▶ _Action item_: Extract the line that contains "Geladeira expositora de" and every line after it through the end of the records below, exactly as written, leaving out any pictures.

━━━━━ Data provided

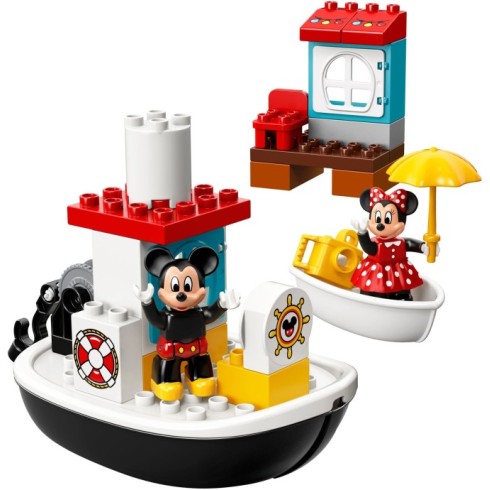 10881 ЛЕГО ДУПЛО - Лодката на Мики <br><small>10881 LEGO DUPLO - Mickey's Boat</small>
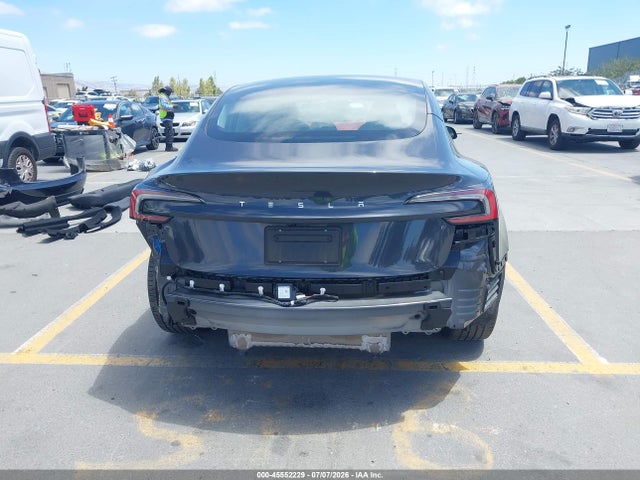 45552229 :رقم المزاد ، 5YJ3E1EA7RF721386 vin ، 2024 Tesla Model 3 Long Range Dual Motor All-wheel Drive/rear-wheel Drive مزاد بيع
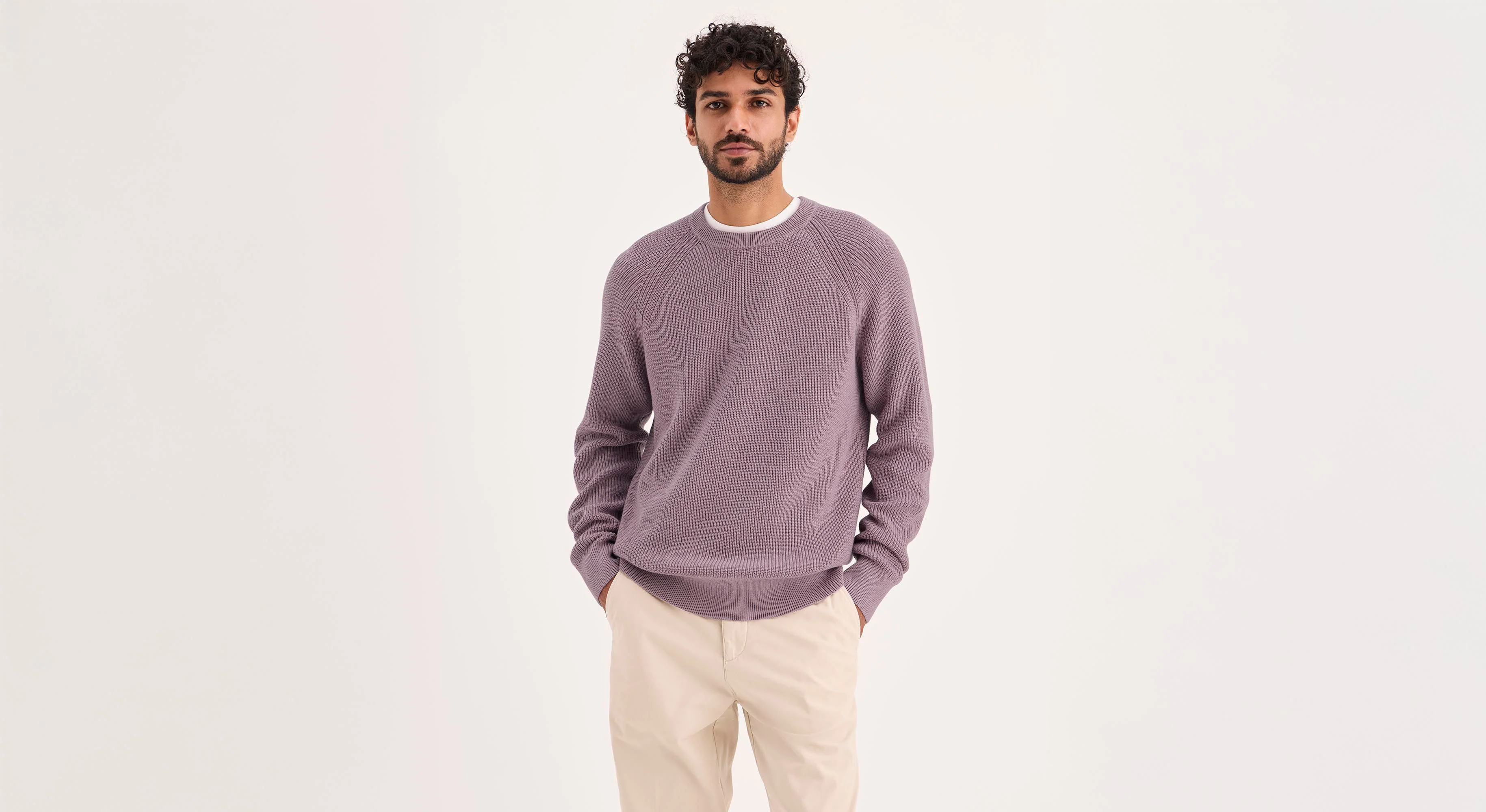 Crewneck Sweater, Regular Fit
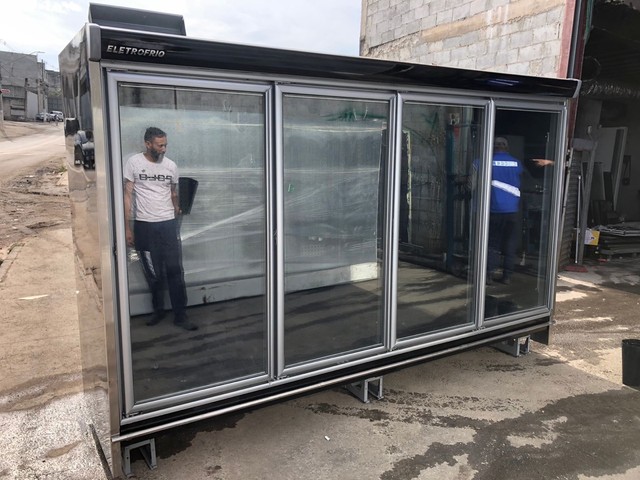 Geladeira expositora de congelados  - Foto 2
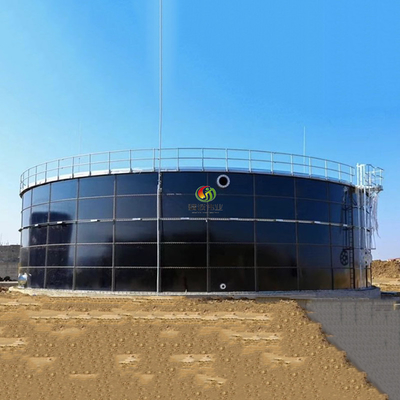 Projekt reaktora beztlenowego UASB Biogas w Chinach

━━━━━━━━━━

▶ _Problem solution_:
 Geladeira expositora de congelados  - Foto 2
 Projekt reaktora beztlenowego UASB Biogas w Chinach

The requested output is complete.